Güncelleme Tarihi:
İstanbul Bilim Üniversitesi Gastroenteroloji Bilim Dalı Başkanı ve Prof. Dr. Levent Erdem’in kabızlık problemi ve çözümleriyle ilgili bilgiler verdiği toplantı, Cüneyt Özdemir ve Doğa Rutkay’ın eğlenceli sohbetiyle renklendi. Toplantıya Dolunay Soysert Ankara’dan, Oylum Talu ise İzmir’den canlı bağlantı yaparak katıldı.
Türkiye’nin kabızlık probleminin dünyada en sık görüldüğü ülkeler arasında olduğunu belirten Prof. Dr. Levent Erdem, “Kabızlık, dikkate alınması gereken ve tedavi edilmezse ciddi sağlık sorunlarına yol açan bir durumdur. Hastalıklar, tedavi için kullanılan ilaçlar, duygusal stres gibi pek çok sebebi bulunan kabızlık yaygın görülen problemlerden biridir. Erişkinlerin %40’a kadar çıkan bir oranında kabızlık görülebilmektedir” şeklinde konuştu.
Dışkının kuru ve sert olması, barsak boşaltımının güç ve seyrek olması olarak tanımlanabilir.
Kabızlık, barsak hareketlerinin yavaşlaması ve barsaktaki dışkının sıvı içeriğinin emilerek dışkının kurumasıyla başlar, kuruma sonucunda dışkının barsak içindeki hareketi daha da güçleşir. Sonuçta, dışkı kuru ve katı bir hal alır, seyrek ve zorlanmalı dışkılama, karın ağrısı gibi şikayetler ortaya çıkar.

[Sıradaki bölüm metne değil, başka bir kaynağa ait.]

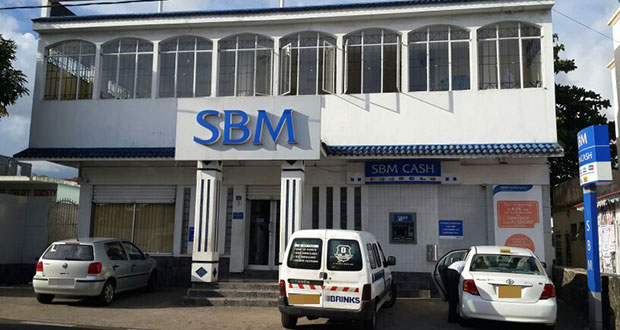 Surinam: il braque une banque avec un boxershort sur la tête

Kabızlığın farklı sebepleri olmakla birlikte, önemli bir kısmı kişinin tuvalet alışkanlığı ve psikolojik durumuyla ilgilidir. Üzüntü, heyecan gibi hallerde ortaya çıkabilir. Kişinin beslenme alışkanlığı da kabızlık yapabilir. Posasız gıdalarla beslenme ve yeterli sıvı tüketmeme kabızlığa neden olur. Yine hareketsizlik de önemli bir kabızlık etkenidir. Tiroid bezinin yeterli çalışmaması, şeker hastalığı ve -depresyon gibi bazı psikolojik durumlarda ve bazı ilaçların yan etkisi olarak kabızlık görülebilir. Ayrıca basur gibi yapısal hastalıklar da kabızlığa yol açabilir.
Kabızlık her yaşta görülebilmesine rağmen, ileri yaşlarda ve kadınlarda daha sıktır. Çocuklarda da sıklıkla görülür. Gebelik dönemi de kabızlığın sık görüldüğü bir yaşam dilimidir. Ülkemizde 2 gebeden 1’i kadar yüksek bir oranda görüldüğü bildirilmiştir.